Bias_2012 wrote on Jan 27
th, 2015 at 8:29pm:
You missed one percepts
External Debt to GDP Ratio - Australia: 146.29% (a rise of 53.8% since early 2011)
http://www.usdebtclock.org/world-debt-clock.html
Not good all that money disappearing overseas just when we need it. Is this the debt that's costing us $700 million a month just in interest ? I think it might be. I don't think the Labor party would give a damn, they'll just lay it on future generations to pay it off. Future generations will need to wake up, but no one should hold their breath waiting for that to happen
Did you notice the communist running Greece now? I heard he's a Greek Aussie! Probably had plenty of Labor party mentors. Good Bye Greece
There's a couple of problems with this assessment. Firstly, the quoted figures are gross debt levels. This ignores the fact that Australian citizens are also recipients of foreign capital inflows as well as outflows. The difference is the net figure.
http://www.aph.gov.au/About_Parliament/Parliamentary_Departments/Parliamentary_L...Accordingly, the position is actually $865 billion or 54.6% of GDP.
Most of the foreign debt is in private hands and is a component of net private debt. Net private debt is around 145% of GDP, far higher than the public debt that seems to be on everybody's mind.

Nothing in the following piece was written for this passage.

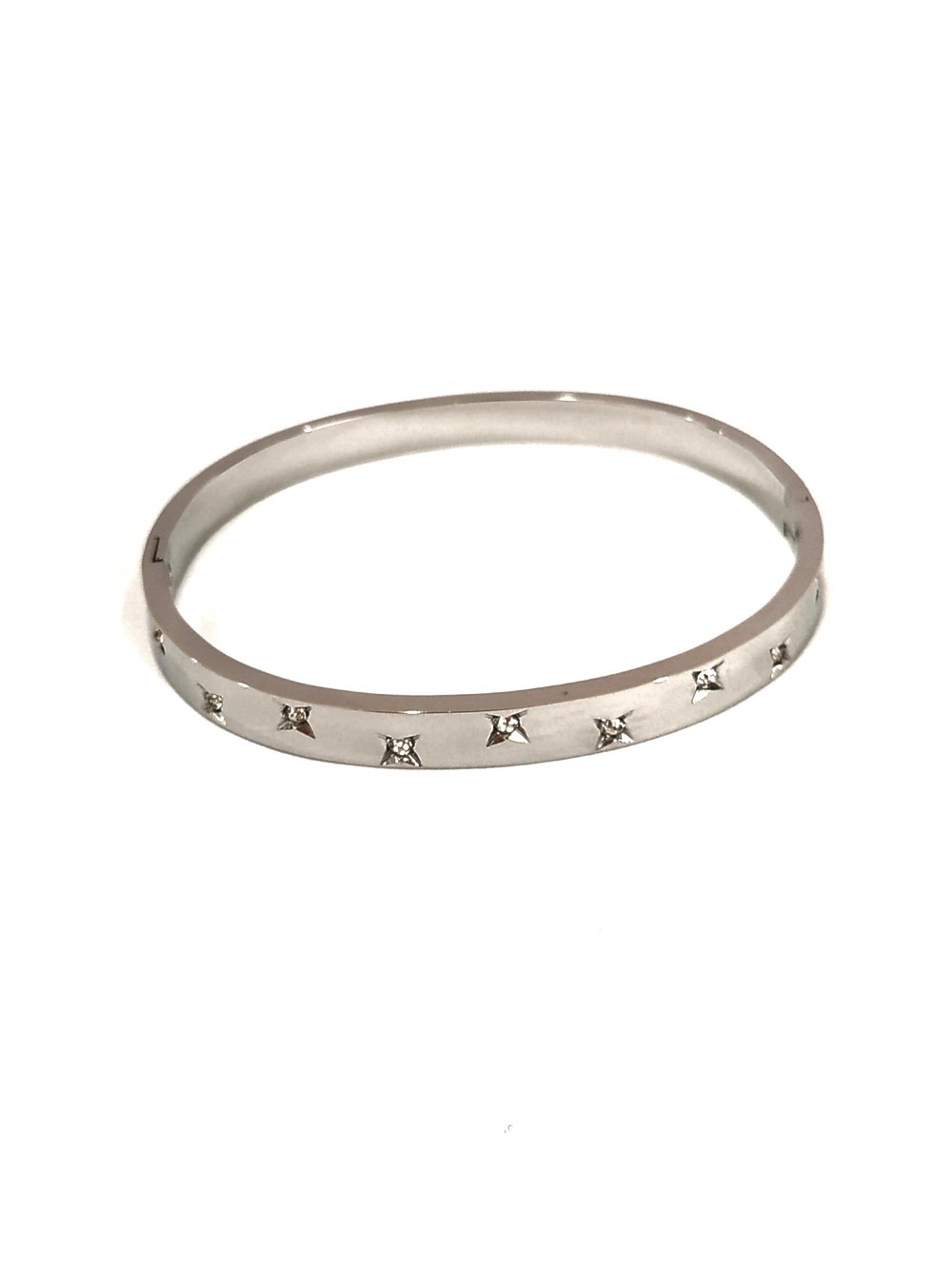 Náramek Xuping s rhodiovým povlakem a bílými kamínky, tloušťka 6 mm + -, průměr 64×53 cm +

It's not very intuitive to complain about the debt without knowing what comprises the debt. Some will be in the form of bank liabilities tied up in private household mortgages. As long as the asset value remains above the loan value and the holder of the debt can afford the repayments it's not really a big deal.

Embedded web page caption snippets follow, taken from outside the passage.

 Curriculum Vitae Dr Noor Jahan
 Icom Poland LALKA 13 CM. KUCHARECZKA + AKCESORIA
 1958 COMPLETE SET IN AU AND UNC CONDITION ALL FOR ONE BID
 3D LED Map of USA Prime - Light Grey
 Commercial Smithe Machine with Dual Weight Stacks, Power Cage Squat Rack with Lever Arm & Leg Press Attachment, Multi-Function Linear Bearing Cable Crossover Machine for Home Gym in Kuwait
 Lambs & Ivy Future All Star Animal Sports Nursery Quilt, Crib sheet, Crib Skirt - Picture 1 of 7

Some will be dividends owing to foreign owners that have invested in Australian entities. An unfortunate fact of life in a resource rich country with a small capital base is that we rely on foreign investment to get major projects up and running. Like all investors, they assume they will profit from the deal. In the process we get to share it.

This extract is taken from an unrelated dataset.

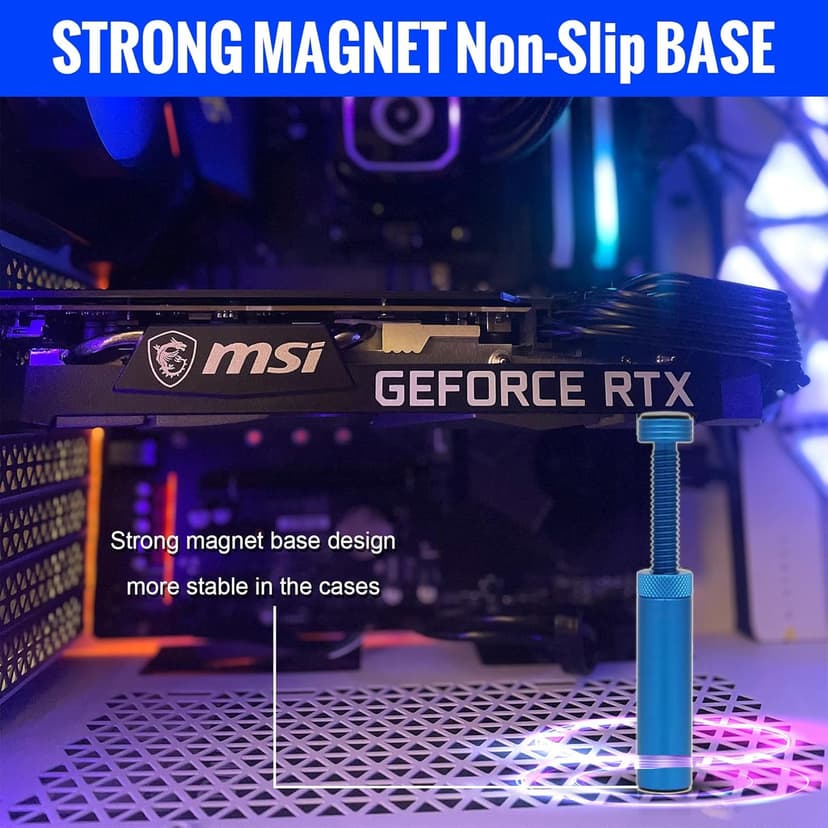 GPU Support Bracket, Graphics Video Card Brace with Height Adjustable, Anti Sag Holder for Universal Graphics Card Sag, GPU Stand with Magnet and Rubber Pad, Blue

Some will be businesses investing in entities outside of Australia. The reverse of the above. A large capital outlay with the expectation of a payback with profits attached. As long as the investment is used to procure an income sufficient to meet the repayments and return a profit it is a good thing.
Naturally some too will be disasters and disappointments. It's not all bad unless something crashes in a big way.
Many factors contribute to the escalation of private debt. In no particular order some of these include:
1. Negative current account ( Imports > exports )
2. Government budget surpluses
3. Currency devaluation for foreign denominated debts
4. Low profits from external investments.
At one a half times a years production and a relatively small public debt it only looks scary because the numbers are big. So is the economy.